Gabrielson, who is also a law enforcement officer in Ohio, said 99 percent of people who are arrested for animal cruelty have had previous criminal activity on their records and said it is important for officers to treat an animal cruelty call just as they would any other type of crime.


“When you do find people who are involved in animal cruelty, you will often find if you run their criminal history that they have assaults, domestic violence and occasionally homicides,” Gabrielson said. “... It’s not a big step for somebody who abuses animals to hurt you (an officer) or another person.”

Officers learned warning signs of possible abuse and how to implement proper procedures for investigating those types of crimes.

Capt. David Wilkie of the Dickinson Police Department said while egregious cases of animal cruelty have not been a major problem in Dickinson, animal abandonment has been. He said that when people left as oil business began to decline, the city experienced an increase of animals running loose in the streets and being abandoned in apartments and homes.

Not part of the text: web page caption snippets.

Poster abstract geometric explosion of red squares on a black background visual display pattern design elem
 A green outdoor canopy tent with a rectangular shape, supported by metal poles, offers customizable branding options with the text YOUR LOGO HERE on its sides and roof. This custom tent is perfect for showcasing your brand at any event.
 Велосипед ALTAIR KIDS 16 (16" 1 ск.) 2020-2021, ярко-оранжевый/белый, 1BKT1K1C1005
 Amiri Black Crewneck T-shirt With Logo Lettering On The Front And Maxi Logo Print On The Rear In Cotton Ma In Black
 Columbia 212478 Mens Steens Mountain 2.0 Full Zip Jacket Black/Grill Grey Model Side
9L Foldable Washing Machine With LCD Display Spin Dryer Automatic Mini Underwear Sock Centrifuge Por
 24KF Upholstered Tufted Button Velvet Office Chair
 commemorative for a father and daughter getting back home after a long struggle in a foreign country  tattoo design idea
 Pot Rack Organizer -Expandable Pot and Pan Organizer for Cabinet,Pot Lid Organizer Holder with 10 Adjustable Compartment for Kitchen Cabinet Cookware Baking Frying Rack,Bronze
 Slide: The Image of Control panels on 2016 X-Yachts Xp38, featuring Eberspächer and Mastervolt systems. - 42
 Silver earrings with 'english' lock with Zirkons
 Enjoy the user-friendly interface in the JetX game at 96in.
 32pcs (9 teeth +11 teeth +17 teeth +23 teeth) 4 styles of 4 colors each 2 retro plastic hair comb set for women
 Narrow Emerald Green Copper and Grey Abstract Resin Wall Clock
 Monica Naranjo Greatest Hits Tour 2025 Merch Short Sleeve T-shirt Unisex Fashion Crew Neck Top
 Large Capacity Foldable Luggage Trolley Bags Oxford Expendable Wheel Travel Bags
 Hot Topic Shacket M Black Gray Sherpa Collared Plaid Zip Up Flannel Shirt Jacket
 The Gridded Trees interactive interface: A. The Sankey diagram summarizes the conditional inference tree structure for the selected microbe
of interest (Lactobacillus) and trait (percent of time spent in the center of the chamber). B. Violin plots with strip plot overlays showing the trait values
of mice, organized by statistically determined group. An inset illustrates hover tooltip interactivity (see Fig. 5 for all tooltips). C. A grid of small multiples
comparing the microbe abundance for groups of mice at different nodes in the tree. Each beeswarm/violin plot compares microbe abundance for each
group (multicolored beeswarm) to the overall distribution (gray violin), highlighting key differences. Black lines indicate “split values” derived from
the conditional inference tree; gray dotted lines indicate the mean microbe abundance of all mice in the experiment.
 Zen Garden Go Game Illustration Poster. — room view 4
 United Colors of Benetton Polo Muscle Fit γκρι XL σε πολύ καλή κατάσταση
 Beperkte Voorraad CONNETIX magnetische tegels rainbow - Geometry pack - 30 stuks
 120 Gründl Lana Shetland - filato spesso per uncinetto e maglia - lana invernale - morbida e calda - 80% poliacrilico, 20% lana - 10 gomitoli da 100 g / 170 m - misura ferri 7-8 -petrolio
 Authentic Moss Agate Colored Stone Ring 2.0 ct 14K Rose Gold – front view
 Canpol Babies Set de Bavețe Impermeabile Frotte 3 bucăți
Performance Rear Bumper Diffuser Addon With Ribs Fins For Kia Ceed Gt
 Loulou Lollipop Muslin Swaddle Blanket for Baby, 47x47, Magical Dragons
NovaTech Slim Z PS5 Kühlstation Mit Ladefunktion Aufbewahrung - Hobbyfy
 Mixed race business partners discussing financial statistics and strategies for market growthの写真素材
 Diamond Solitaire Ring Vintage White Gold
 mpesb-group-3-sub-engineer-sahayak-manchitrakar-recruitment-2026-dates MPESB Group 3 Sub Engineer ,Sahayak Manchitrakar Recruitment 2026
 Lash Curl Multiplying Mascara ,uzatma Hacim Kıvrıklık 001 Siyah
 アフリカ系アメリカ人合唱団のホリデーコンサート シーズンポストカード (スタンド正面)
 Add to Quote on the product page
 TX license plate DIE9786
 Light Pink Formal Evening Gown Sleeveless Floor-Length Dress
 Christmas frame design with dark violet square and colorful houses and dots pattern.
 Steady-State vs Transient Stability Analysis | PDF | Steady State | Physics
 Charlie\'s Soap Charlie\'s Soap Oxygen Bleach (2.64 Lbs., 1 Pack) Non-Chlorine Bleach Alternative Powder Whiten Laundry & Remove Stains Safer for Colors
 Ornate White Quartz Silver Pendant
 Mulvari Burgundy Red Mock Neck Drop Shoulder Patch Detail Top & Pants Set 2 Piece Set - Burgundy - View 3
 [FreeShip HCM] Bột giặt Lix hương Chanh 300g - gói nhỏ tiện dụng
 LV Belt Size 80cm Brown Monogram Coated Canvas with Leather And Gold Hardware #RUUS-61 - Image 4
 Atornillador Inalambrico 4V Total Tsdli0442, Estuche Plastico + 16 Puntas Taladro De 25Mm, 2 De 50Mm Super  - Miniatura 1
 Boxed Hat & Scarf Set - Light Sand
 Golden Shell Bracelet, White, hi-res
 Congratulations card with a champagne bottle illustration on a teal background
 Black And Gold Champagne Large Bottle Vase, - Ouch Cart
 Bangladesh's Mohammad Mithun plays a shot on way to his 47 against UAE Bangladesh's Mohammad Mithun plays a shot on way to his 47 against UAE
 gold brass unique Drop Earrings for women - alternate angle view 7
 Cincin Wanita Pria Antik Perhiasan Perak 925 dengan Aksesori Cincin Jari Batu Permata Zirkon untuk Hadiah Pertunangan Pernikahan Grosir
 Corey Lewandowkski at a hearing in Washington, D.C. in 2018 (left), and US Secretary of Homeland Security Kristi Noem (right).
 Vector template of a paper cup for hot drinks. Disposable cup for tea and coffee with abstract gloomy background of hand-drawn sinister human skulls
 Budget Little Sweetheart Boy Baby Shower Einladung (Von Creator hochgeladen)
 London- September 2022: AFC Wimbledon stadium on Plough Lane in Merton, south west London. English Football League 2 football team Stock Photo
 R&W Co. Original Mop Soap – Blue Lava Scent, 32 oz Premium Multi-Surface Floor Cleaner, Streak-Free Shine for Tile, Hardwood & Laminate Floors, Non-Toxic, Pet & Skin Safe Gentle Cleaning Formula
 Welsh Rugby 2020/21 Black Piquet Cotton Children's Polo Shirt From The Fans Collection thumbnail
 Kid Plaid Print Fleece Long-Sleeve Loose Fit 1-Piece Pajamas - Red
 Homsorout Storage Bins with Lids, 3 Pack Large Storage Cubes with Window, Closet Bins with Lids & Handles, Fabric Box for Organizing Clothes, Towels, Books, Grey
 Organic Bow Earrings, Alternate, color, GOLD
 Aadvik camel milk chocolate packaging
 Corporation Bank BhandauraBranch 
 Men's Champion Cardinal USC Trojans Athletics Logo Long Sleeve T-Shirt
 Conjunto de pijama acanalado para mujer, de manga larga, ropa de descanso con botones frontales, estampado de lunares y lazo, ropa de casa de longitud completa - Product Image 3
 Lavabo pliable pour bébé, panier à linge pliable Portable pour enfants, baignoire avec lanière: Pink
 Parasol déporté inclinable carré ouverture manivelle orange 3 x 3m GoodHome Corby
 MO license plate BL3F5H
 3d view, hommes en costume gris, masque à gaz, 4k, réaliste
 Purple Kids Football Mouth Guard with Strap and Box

Kim Wills, an animal control officer for the city of Dickinson, said the Dickinson Animal Shelter currently only has two dogs, but people will sometimes leave animals tied up outside of the shelter because they can no longer care for them.

“When the oil boom first decreased, we picked up a lot of animals because they were being left behind in the apartments,” Wills said. “People know we don’t really take surrenders and so they just throw them out.”

Wilkie said he found the seminar to be informative and important to him because animals are important to him as well. He said the training allowed him to learn what abuse and cruelty is when he comes across it.

“Even though we don’t see it a lot here, it’s important to be able to identify it when you do see it,” he said.

Wilkie said the training can also be beneficial for other officers.


“A lot of those cases (animal cruelty and abuse) are developed from other cases,” Wilkie said. “So if an officer responds to a theft call and notices something at the home with an animal then it gives you reason to look a little more into what’s going on there.”

According to the Humane Society, some of the most common signs of possible animal abuse or cruelty are hoarding animals, lack of veterinary care, animal abandonment, inadequate shelter and chained dogs.

TJ Jerke, the Humane Society's North Dakota director, encouraged people to contact law enforcement if they believe that someone may be abusing their animals.

“If somebody believes an animal is being abused, neglected or has some inhumane treatment they should contact their local police department or their county sheriff’s and describe the situation to whomever they’re speaking with and ask for an animal welfare check,” he said.

Jerke also said there are many local resources for people to use across the area if there may be troublesome, but not necessarily illegal, behavior occurring.

“If there’s an issue that may not be animal neglect, someone just needs a helping hand, there are organizations across the state that phenomenal and willing to help out in some capacity,” Jerke said.